Réinventer le nucléaire. pic.twitter.com/uifI7piTC3— Emmanuel Macron (@EmmanuelMacron) October 12, 2021
In Francia sono ben 58 i reattori nucleari attivi. Questi producono più del 70 per cento dell’energia elettrica francese e la prima centrale nucleare fu creata nel 1962. In Italia la prima centrale risale al 1993 ma a seguito del referendum del 1987 (post disastro di Chernobyl dell’aprile 1986) si decise di porre fine al nucleare nel 1990.
Anche la Polonia è determinata a creare una serie di piccole centrali nucleari per porre fine alla sua dipendenza dal carbone. La Gran Bretagna ha investito 210 milioni di sterline (283 milioni di dollari) per finanziare Rolls-Royce SMR. La società costruirà piccoli reattori nucleari per integrare l’energia eolica e solare.
Nucleare: energia pulita? La Germania guida il fronte del no
Il tema cruciale riguarda però il riconoscimento o meno del nucleare come fonte di energia pulita. La Germania ad esempio è a capo di un gruppo di nazioni che vogliono disinnescare gli sforzi per includere più energia nucleare nel mix di energia verde in Europa. La maggiore preoccupazione riguarda la proliferazione di centrali nucleari sul suolo europeo e il grosso problema delle scorie radioattive che producono.

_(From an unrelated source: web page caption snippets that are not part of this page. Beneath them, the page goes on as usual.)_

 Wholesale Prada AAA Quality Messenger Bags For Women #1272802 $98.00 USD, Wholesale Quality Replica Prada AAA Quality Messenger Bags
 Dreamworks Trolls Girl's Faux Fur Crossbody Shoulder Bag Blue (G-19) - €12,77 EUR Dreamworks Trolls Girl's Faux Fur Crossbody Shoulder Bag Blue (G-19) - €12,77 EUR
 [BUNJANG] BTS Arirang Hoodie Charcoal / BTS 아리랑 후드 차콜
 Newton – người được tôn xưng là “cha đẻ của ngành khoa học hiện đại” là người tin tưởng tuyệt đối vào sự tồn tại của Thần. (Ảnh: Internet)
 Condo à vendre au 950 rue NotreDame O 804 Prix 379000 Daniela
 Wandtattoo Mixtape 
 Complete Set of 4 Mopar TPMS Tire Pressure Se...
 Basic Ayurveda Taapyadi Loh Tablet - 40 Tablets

Questa situazione sta creando non poche tensioni con la Francia, il più grande produttore di energia nucleare d’Europa. Il Paese transalpino ha stretto un’ insolita alleanza con i paesi dell’Europa dell’Est che vogliono attirare maggiori investimenti per il nucleare, tra cui Bulgaria, Repubblica Ceca, Ungheria, Polonia e Romania.
Il gruppo sta facendo pressioni sull’Unione Europea per classificare l’energia nucleare come un investimento “sostenibile”, una mossa che sbloccherebbe miliardi di euro di aiuti di Stato e investimenti da fondi pensione, banche e altri investitori che cercano di investire in cause ambientali. Austria, Danimarca, Lussemburgo e Spagna si sono unite alla Germania nel tentativo di respingere l’iniziativa di Bruxelles.

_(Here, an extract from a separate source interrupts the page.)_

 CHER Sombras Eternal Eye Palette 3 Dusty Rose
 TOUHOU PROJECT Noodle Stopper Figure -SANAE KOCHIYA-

E l’Italia? Il Nobel per la Fisica Giorgio Parisi in una recente intervista al Corriere della Sera aveva usato parole chiare: “un ritorno al nucleare è una questione da valutare di Paese in Paese, ma da escludere in Italia a causa dell’alta densità di popolazione, perché se Chernobyl fosse avvenuta in Val Padana avrebbe provocato milioni di morti”.

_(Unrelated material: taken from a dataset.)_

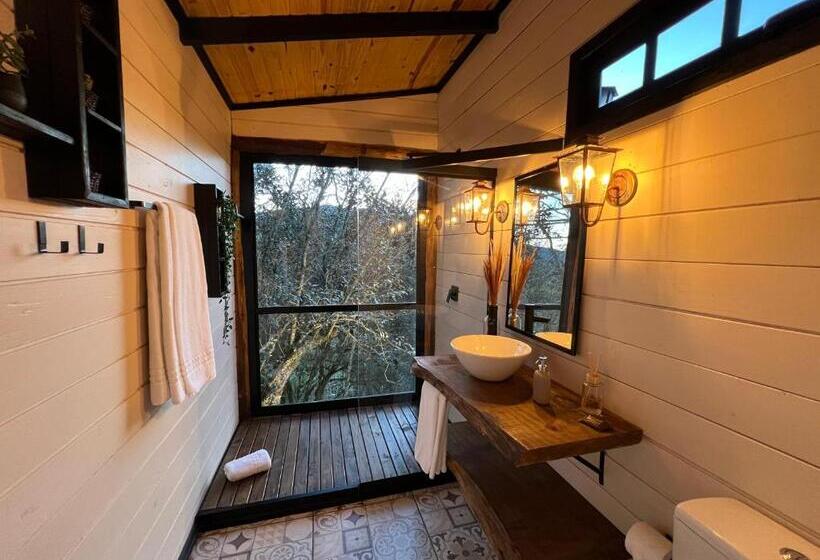 带大床的套房, Zion Bubble Glamping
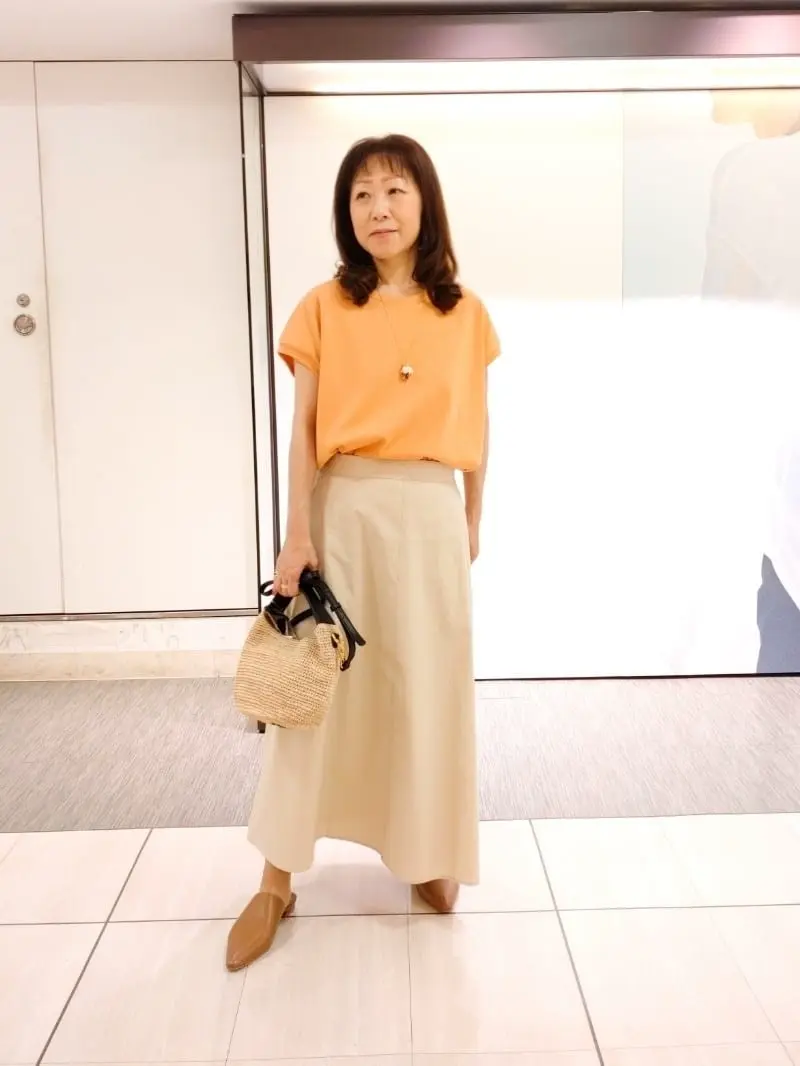 23区 L 服部 コーディネート画像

Intanto rimane ancora senza soluzioni il problema di trovare un’area per il deposito nazionale delle scorie nucleari. Nessuno dei 67 potenziali candidati infatti è disposto ad accogliere l’impianto. I nove incontri pubblici organizzati da Sogin, non hanno sortito effetti e ora bisognerà rivedere le conclusioni con nuovi dati e fornire una lista nel 2022. I rappresentanti delle 67 aree, collocate in Piemonte, Toscana, Lazio, Sardegna, Basilicata, Puglia e Sicilia, contestano la presenza di produzioni agricole di pregio, siti archeologici, monumenti storici, parchi e oasi naturali. Tra i problemi anche la distanza ravvicinata con paesi, fabbriche di materiale pericoloso, fiumi o falde acquifere e il calcolo dell’indice di rischio sismico.